Start of Record excerpts
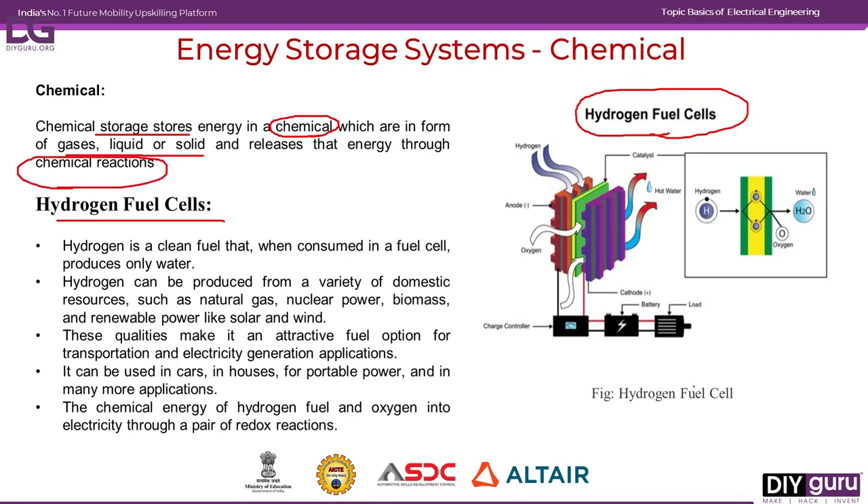Coming to the hydrogen fuel cell, this is the diagram of a hydrogen fuel cell. Hydrogen is taken as an input; oxygen is combined with hydrogen to give H2O — water as the output. During this chemical reaction, a suitable amount of energy is generated, regulated by charging controllers, stored in a conventional battery, and supplied to the external load.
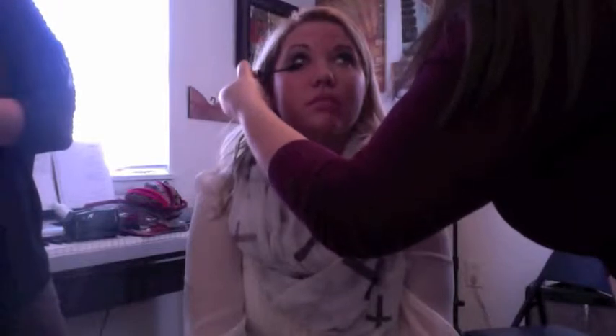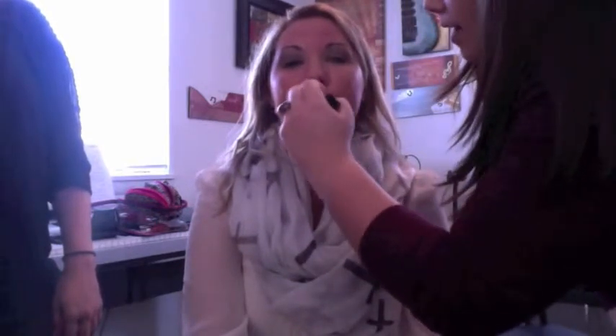I applied Bare Minerals Well Rested to give her that bright eye look using a Bare Minerals concealer brush. Now I'm applying L'Oreal Voluminous mascara to give her those long, wavy lashes that make her eyes pop. Now I'm going to apply her Chanel lipstick — we want to give her that nice, beautiful pink lip. It's like a red-orange-pink all in one, but I think it's just gorgeous.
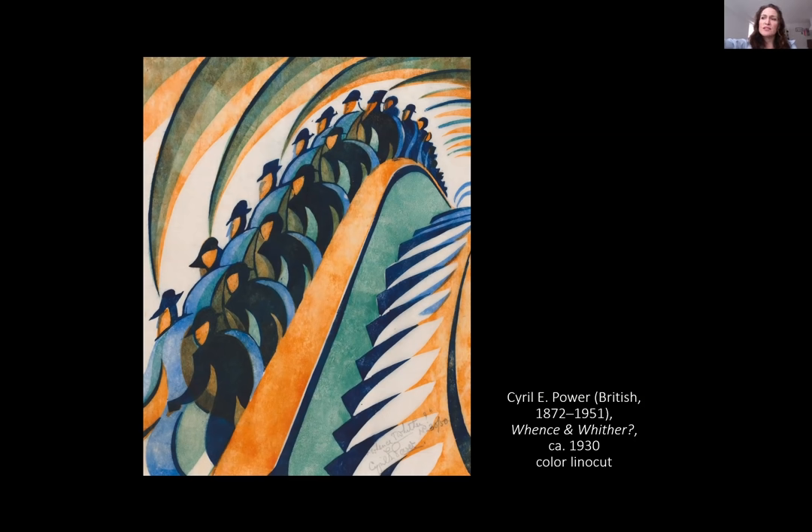Power made numerous sketches of passengers for the subway and featured the theme frequently in his work. For Whence and Whither, for which he made numerous studies, he included one sketch that had a caption — the 'Bottomless Pit' — and a reference to the mechanical men that descend the stairway.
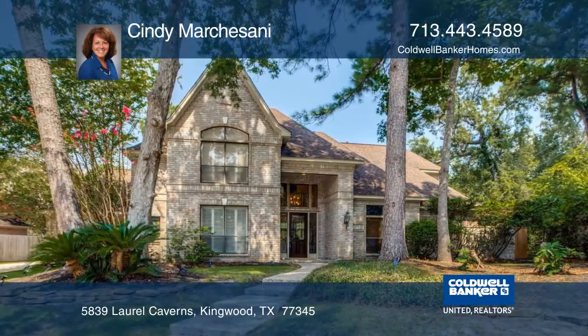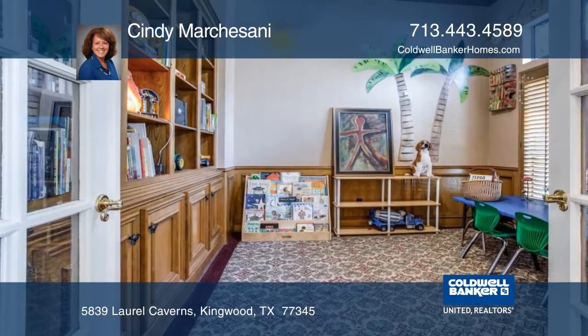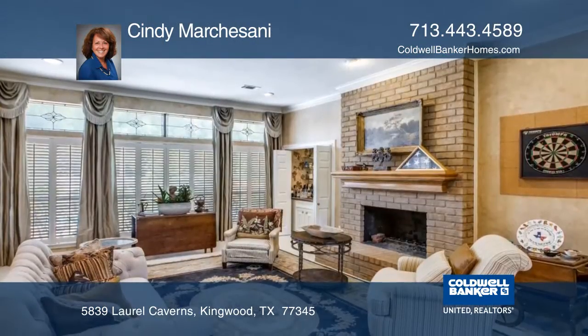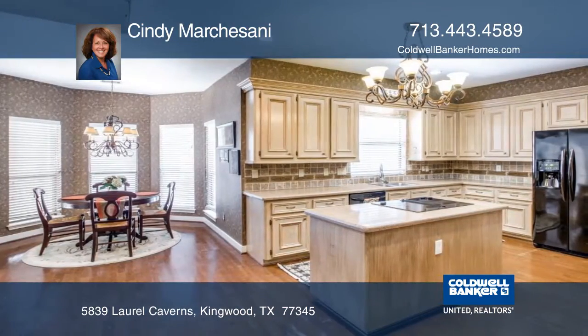This traditional and tasteful Kingwood classic backs directly to the Greenbelt and is located on a private cul-de-sac. You can enjoy the backyard saltwater pool in complete privacy, and there's plenty of space to garden.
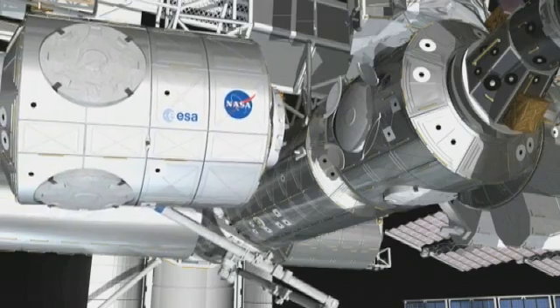Node 3 is very complex. It incorporates a rack to generate oxygen, another one to remove the CO2 from the cabin atmosphere, then two other racks to process the water.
End of Record excerpts
The task -
Return each entry exactly as it stands above, apart from any images.

Response to the exercise -
Coming to the hydrogen fuel cell, this is the diagram of a hydrogen fuel cell. Hydrogen is taken as an input; oxygen is combined with hydrogen to give H2O — water as the output. During this chemical reaction, a suitable amount of energy is generated, regulated by charging controllers, stored in a conventional battery, and supplied to the external load.
I applied Bare Minerals Well Rested to give her that bright eye look using a Bare Minerals concealer brush. Now I'm applying L'Oreal Voluminous mascara to give her those long, wavy lashes that make her eyes pop. Now I'm going to apply her Chanel lipstick — we want to give her that nice, beautiful pink lip. It's like a red-orange-pink all in one, but I think it's just gorgeous.
Power made numerous sketches of passengers for the subway and featured the theme frequently in his work. For Whence and Whither, for which he made numerous studies, he included one sketch that had a caption — the 'Bottomless Pit' — and a reference to the mechanical men that descend the stairway.
This traditional and tasteful Kingwood classic backs directly to the Greenbelt and is located on a private cul-de-sac. You can enjoy the backyard saltwater pool in complete privacy, and there's plenty of space to garden.
Node 3 is very complex. It incorporates a rack to generate oxygen, another one to remove the CO2 from the cabin atmosphere, then two other racks to process the water.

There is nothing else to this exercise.